Memory Management Mechanism

TiDB's memory management basically consists of a memory usage quota settings for each query, and two interfaces, called Tracker and OOMAction.

Tracker

Tracker tracks the memory usage of each element with a tree structure.

Genral use cases:

                                               /--- Tracker(Component in Executor, e.g. list/rowContainer/worker)
                                               |           ...
                    /--- Tracker(Executor1) ---+--- Tracker(Component)
                    |
Tracker(Session) ---+--- Tracker(Executor2)
      |             |         ...
      |             \--- Tracker(Executor3)
 OOM-Action1
      |
      |
 OOM-Action2
     ...

When a component allocates some memory, it will call the function Tracker.Consume(bytes) to tell the Tracker how much memory it uses.

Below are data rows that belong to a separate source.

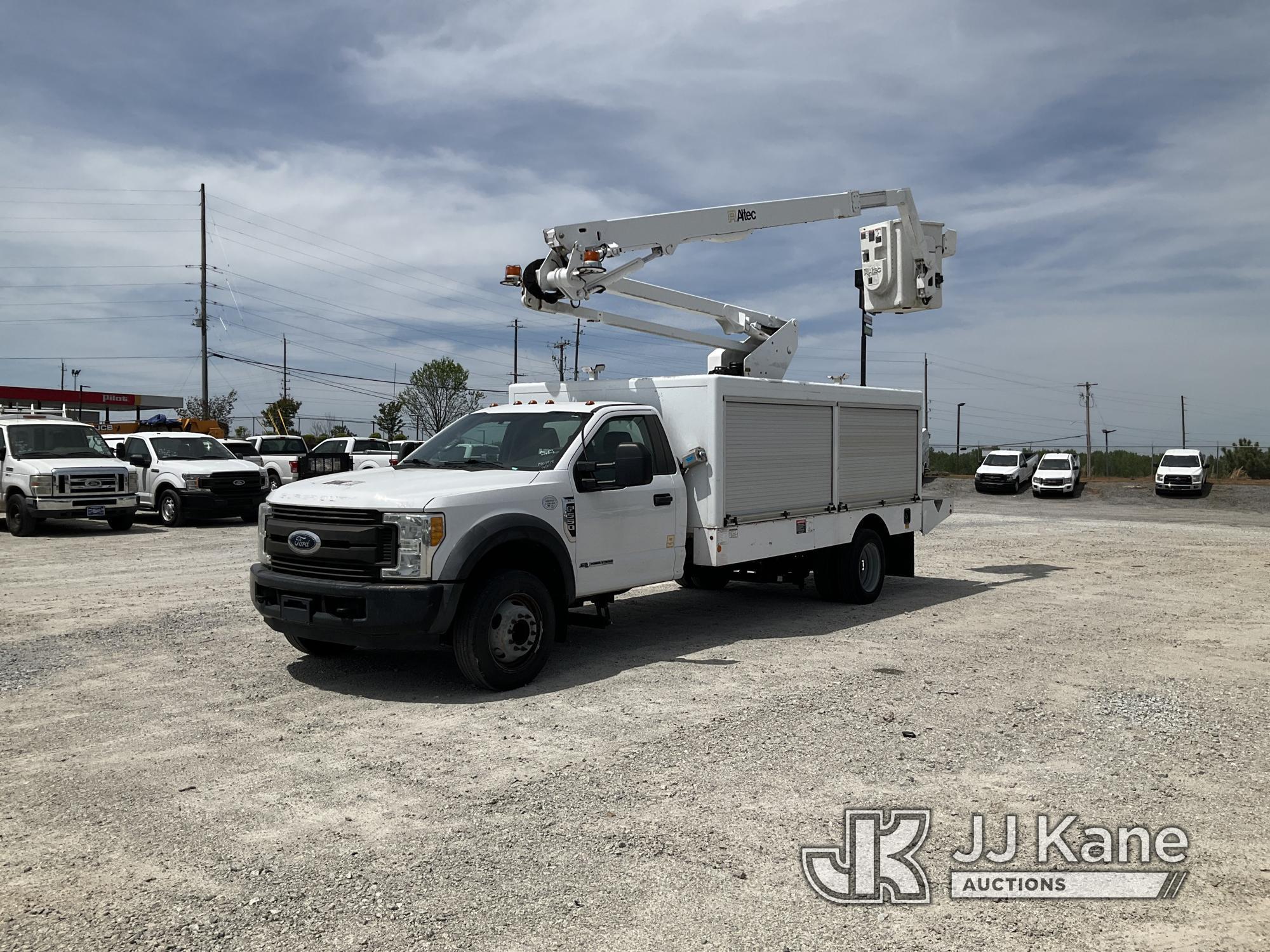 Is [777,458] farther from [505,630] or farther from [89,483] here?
[89,483]

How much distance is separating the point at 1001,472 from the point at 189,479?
29.5 m

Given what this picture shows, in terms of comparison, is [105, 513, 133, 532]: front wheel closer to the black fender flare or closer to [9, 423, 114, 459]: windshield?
[9, 423, 114, 459]: windshield

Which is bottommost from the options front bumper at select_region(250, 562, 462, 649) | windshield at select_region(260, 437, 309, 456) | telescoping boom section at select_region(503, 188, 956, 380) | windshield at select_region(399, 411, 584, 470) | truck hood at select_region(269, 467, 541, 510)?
front bumper at select_region(250, 562, 462, 649)

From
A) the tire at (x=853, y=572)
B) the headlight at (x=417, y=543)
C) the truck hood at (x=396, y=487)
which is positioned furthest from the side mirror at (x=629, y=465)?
the tire at (x=853, y=572)

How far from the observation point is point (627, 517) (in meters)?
7.75

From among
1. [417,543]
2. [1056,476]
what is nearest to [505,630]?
[417,543]

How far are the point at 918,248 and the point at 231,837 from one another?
982 cm

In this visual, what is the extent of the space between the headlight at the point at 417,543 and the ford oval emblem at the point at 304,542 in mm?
599

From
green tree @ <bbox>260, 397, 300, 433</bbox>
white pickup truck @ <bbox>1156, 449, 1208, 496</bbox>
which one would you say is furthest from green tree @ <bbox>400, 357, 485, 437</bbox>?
white pickup truck @ <bbox>1156, 449, 1208, 496</bbox>

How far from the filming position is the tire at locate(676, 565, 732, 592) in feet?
32.6

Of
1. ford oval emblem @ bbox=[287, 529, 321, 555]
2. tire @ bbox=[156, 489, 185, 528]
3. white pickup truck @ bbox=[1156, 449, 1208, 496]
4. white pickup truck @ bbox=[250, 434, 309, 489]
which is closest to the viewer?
ford oval emblem @ bbox=[287, 529, 321, 555]

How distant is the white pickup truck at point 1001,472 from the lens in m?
38.0

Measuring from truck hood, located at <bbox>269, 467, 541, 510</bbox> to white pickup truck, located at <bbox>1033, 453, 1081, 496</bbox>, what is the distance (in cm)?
3345

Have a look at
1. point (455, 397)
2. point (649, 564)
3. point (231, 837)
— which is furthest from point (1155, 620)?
point (455, 397) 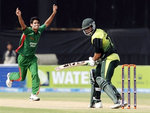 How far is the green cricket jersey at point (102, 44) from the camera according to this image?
12.8 meters

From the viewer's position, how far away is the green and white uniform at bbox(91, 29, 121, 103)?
42.1 ft

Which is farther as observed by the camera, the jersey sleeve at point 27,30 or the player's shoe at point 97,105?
the jersey sleeve at point 27,30

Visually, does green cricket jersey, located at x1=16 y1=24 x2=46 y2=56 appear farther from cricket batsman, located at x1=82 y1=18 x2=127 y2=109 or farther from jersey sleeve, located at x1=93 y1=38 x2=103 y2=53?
jersey sleeve, located at x1=93 y1=38 x2=103 y2=53

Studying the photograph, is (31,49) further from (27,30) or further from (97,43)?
(97,43)

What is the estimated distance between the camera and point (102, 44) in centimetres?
1288

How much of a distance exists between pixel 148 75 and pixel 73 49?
324 cm

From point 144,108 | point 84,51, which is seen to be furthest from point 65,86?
point 144,108

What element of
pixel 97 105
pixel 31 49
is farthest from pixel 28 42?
pixel 97 105

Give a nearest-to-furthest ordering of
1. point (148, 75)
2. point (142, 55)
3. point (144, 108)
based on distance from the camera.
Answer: point (144, 108), point (148, 75), point (142, 55)

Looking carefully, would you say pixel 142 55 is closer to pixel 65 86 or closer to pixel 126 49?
pixel 126 49

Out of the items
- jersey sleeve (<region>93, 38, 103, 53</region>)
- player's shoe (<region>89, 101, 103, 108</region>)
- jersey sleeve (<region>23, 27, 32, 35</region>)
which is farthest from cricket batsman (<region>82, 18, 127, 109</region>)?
jersey sleeve (<region>23, 27, 32, 35</region>)

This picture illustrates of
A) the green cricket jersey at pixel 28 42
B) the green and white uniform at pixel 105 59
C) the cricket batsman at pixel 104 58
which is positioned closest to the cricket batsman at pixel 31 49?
the green cricket jersey at pixel 28 42

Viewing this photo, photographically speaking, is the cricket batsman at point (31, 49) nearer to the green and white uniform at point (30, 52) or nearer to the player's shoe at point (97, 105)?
the green and white uniform at point (30, 52)

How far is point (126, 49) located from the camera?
22.2 metres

Tracker.Comsume will traverse all its ancestor nodes, accumulate memory usage and trigger OOM-Action when exceeded.

OOM-Action

OOM-Action is a series of actions grouped in a linked list to reduce memory usage. Each node on the linked list abstracts a strategy to be used when the memory usage of a SQL exceeds the memory quota. For example, we define the spill to disk strategy as SpillDiskAction, rate limit strategy as rateLimitAction and cancel strategy as PanicOnExceed.

Rate Limit

TiDB supports dynamic memory control for the operator that reads data. By default, this operator uses the maximum number of threads that tidb_disql_scan_concurrency allows to read data. When the memory usage of a single SQL execution exceeds tidb_mem_quota_query each time, the operator that reads data stops one thread.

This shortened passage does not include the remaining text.